» Data supplied
◇ ◇ ◇

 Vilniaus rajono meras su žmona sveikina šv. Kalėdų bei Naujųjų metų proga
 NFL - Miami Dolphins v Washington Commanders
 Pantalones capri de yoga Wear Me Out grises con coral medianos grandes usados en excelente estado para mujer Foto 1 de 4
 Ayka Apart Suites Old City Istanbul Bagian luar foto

◇ ◇ ◇

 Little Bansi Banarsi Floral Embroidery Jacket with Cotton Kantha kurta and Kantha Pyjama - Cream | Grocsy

◇ ◇ ◇

» Task directions
Find the line with "Vilniaus rajono meras" in the entries above. Retype it and each line after it, exactly, through the line with "Ayka Apart Suites", and stop there.

» Solution below
 Vilniaus rajono meras su žmona sveikina šv. Kalėdų bei Naujųjų metų proga
 NFL - Miami Dolphins v Washington Commanders
 Pantalones capri de yoga Wear Me Out grises con coral medianos grandes usados en excelente estado para mujer Foto 1 de 4
 Ayka Apart Suites Old City Istanbul Bagian luar foto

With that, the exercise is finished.